LECTURE: Amérak

Ce n’est pas Alice au pays des merveilles, mais presque. Bienvenue au royaume de l’absurde avec cette guerre d’Irak racontée par Adrien Jaulmes, grand reporter au Figaro.

(l’écho) –  Un peu occultée par une autre  boucherie, celle d’Afghanistan, la guerre d’Irak n’est cependant pas terminée, tant s’en faut. Un drôle de conflit qui semble ne plus intéresser les medias. Mis à part certains reporters qui s’évertuent à faire leur job et à ramener une vision décalée de cette guerre sans front, sans ennemi visible.
A l’instar d’Adrien Jaulmes, grand reporter pour le Figaro et auteur de ce court récit du premier conflit postmoderne. Un journaliste de terrain parti là-bas, accompagné de son meilleur guide de survie pour un univers absurde : Alice au pays des merveilles.

Amérak, le titre du livre paru aux éditions des Equateurs, peut sembler sibyllin de prime abord. Et pourtant. Amérak désigne ce pays  créé de toutes pièces par les Américains arrivés en Irak et composé de zones protégées ( ?) qui recomposent un semblant d’Amérique en plein désert. Avec restaurants McDo, magasins militaires, cinémas, salles de sports…Des bases protégées par de hauts murs avec sacs de sable et sentinelles. Une version XXIe siècle de la conquête de l’Ouest. Ici, les insurgés ont simplement remplacé les Indiens dont les noms de tribu ont été donnés aux hélicoptères US (Apache, Kiowa, Blackhawk). Chaque jour, des patrouilles américaines sortent de ces fortins pour des missions de patrouille dans un Irak totalement inconnu pour ces GI’s « en lunettes noires, abreuvés d’idéaux démocratiques et de Gatorade (ndlr, une boisson typiquement américaine et au goût infect). » Des soldats venus de l’amérique profonde qui, pour la plupart, n’ont pas l’âge légal pour acheter de la bière aux USA. Mais qui l’ont en Irak pour tuer ou se faire sauter sur les mines de terroristes. 
Une guerre irakienne qui ne connaîtra jamais un traitement cinématographique égal à la guerre du Vietnam. Ici, pas de charges massives d’hélicoptères sur fond de musique de Wagner , pas de bombardement au napalm ou de jungles exotiques. Comme le précise l’auteur dans une description peu flatteuse de ce pays. « Depuis le début, ce fut une affaire sordide. Le pays est ingrat. Les paysages sont plats, monotones ; la nourriture infecte et le climat usant. Les femmes sont voilées. Il n’y a ni front, ni arrière, ni même la plupart du temps de combats. » Si des combats ont lieu, ils se déroulent souvent entre Irakiens de différentes confessions. Vendettas, rivalités, banditisme ou haines ancestrales sont le lot quotidien de cette société irakienne dans laquelle les Américains sont les intrus. La redoutable machine de guerre américaine ne peut absolument rien faire pour changer les mentalités séculaires.

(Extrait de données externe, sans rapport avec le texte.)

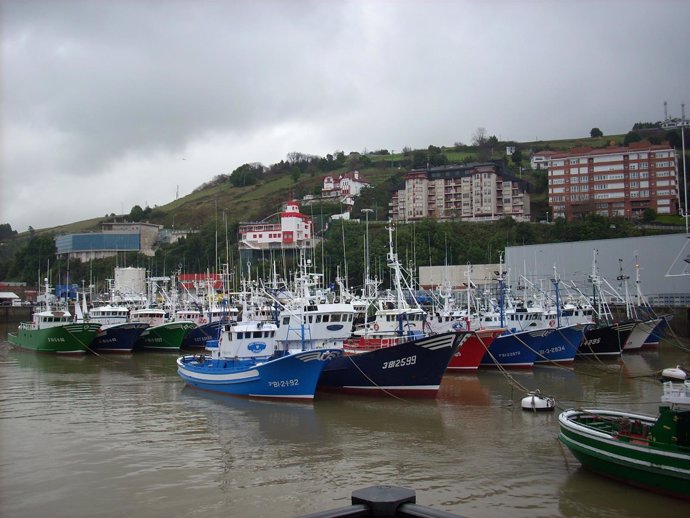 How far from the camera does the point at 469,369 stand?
3575 cm

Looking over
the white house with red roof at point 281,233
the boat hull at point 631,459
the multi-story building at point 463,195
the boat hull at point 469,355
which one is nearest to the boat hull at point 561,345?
the boat hull at point 469,355

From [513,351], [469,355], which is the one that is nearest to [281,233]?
[513,351]

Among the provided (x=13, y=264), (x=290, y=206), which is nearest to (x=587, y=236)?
(x=290, y=206)

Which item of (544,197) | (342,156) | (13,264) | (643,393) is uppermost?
(342,156)

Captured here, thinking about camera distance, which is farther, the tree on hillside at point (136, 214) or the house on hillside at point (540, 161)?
the tree on hillside at point (136, 214)

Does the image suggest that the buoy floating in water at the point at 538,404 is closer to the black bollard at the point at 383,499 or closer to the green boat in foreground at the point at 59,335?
the black bollard at the point at 383,499

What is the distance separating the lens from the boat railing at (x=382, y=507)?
647 centimetres

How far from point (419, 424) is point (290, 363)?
6.01 metres

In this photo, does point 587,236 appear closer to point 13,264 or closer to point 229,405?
point 229,405

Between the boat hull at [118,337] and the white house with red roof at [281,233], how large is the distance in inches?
2186

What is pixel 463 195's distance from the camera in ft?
402

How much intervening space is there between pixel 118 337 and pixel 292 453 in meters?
35.1

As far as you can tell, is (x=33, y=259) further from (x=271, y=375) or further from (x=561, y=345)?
(x=271, y=375)

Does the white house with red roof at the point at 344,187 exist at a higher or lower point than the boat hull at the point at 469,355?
higher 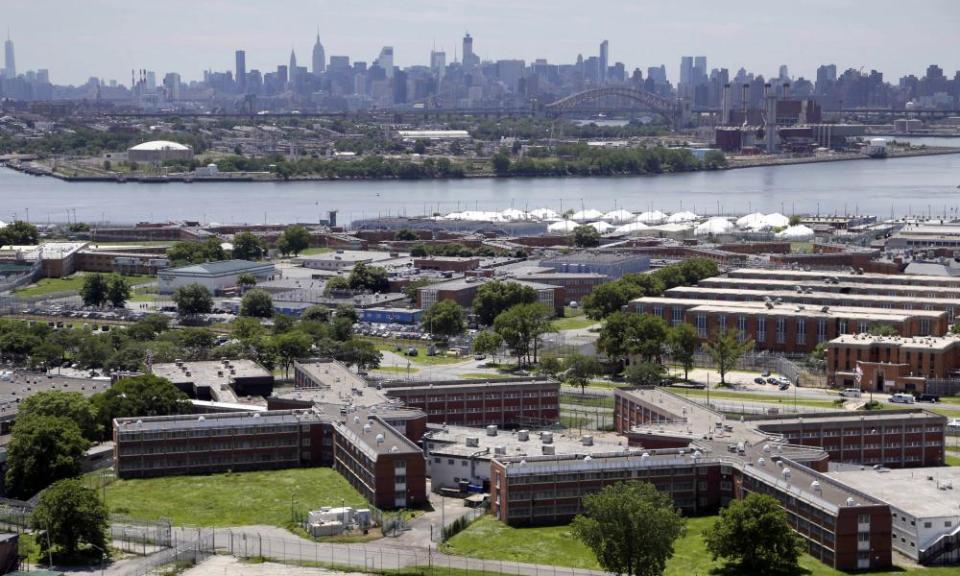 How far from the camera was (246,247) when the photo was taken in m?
24.2

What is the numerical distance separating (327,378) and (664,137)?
164ft

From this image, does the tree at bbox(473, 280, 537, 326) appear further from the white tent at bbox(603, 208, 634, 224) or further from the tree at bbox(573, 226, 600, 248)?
the white tent at bbox(603, 208, 634, 224)

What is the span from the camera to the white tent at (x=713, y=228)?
27.1 meters

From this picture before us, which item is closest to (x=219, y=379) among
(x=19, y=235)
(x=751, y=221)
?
(x=19, y=235)

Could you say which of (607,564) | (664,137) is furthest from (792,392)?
(664,137)

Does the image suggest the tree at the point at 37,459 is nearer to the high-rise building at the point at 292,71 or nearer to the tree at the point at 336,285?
the tree at the point at 336,285

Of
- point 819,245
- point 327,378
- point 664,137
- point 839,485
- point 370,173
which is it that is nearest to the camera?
point 839,485

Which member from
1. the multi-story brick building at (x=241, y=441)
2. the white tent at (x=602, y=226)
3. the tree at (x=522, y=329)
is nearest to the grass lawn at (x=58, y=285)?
the tree at (x=522, y=329)

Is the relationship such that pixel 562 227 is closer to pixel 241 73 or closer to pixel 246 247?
pixel 246 247

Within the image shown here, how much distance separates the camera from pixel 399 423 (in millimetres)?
10453

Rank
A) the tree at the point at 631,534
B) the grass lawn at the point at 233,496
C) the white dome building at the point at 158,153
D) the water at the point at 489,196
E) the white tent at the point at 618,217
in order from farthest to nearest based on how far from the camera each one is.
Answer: the white dome building at the point at 158,153 < the water at the point at 489,196 < the white tent at the point at 618,217 < the grass lawn at the point at 233,496 < the tree at the point at 631,534

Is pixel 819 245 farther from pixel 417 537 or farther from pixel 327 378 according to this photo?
pixel 417 537

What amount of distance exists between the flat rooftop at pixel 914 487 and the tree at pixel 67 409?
193 inches

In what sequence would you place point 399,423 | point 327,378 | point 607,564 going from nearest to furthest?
1. point 607,564
2. point 399,423
3. point 327,378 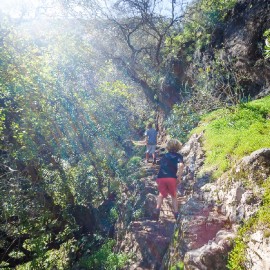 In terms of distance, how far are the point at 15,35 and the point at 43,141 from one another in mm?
3395

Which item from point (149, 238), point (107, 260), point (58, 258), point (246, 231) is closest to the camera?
point (246, 231)

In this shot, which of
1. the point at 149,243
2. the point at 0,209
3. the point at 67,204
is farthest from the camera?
the point at 67,204

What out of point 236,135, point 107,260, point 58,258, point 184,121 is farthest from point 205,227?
point 184,121

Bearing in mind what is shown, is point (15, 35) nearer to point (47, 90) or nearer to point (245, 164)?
point (47, 90)

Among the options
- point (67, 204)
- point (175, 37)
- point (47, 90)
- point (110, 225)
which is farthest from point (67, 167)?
point (175, 37)

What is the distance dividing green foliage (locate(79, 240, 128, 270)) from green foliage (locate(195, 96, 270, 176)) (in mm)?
3182

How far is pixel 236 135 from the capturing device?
276 inches

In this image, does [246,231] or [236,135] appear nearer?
[246,231]

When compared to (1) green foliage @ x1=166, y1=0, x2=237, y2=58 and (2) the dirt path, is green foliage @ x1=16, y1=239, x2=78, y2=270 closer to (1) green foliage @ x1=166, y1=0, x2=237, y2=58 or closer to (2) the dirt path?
(2) the dirt path

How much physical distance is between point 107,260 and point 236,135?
4899 millimetres

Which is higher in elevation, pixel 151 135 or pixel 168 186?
pixel 151 135

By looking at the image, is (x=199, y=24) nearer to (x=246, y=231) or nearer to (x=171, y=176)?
(x=171, y=176)

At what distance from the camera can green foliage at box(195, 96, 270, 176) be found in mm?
5875

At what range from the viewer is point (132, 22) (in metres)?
18.9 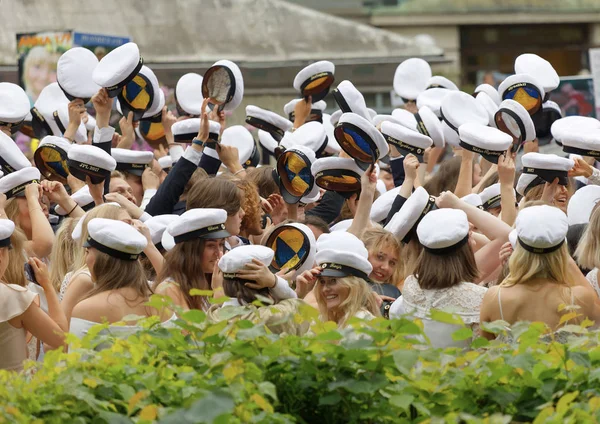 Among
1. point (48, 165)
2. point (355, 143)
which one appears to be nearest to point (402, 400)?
point (355, 143)

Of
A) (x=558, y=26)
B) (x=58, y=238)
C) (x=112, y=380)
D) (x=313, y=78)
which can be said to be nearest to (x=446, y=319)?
(x=112, y=380)

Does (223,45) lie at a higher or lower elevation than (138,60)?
lower

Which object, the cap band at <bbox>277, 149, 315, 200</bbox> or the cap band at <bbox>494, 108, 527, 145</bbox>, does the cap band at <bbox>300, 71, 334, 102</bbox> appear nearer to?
the cap band at <bbox>277, 149, 315, 200</bbox>

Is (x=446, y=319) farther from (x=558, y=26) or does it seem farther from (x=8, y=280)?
(x=558, y=26)

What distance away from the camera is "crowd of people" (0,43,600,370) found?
4.91 meters

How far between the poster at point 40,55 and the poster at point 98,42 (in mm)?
424

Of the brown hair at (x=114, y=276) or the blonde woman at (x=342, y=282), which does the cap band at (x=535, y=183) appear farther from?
the brown hair at (x=114, y=276)

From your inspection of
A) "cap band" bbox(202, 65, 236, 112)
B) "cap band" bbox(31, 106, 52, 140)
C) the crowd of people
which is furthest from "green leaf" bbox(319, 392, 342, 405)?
"cap band" bbox(31, 106, 52, 140)

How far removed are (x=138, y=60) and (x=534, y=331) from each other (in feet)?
14.5

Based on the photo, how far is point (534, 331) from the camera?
3477 millimetres

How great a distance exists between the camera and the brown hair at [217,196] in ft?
19.8

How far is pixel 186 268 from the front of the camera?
5.32 metres

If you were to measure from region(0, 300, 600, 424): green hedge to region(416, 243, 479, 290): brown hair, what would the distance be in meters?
1.61

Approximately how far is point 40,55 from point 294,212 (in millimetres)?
6871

Avec son style percutant, l'auteur réussit le pari de nous livrer une vision imagée de cette guerre dans laquelle il essaie de garder les yeux bien ouverts. Via ses petits chapitres, il veut de donner une version globale de ce conflit au sort toujours incertain. Bien malin celui qui pourra désigner le "vainqueur "ou la fin de cette histoire. On ne s'ennuie pas une seconde à la lecture. c'est un fait. Au contraire, on peut même regretter le faible nombre de pages, 144. 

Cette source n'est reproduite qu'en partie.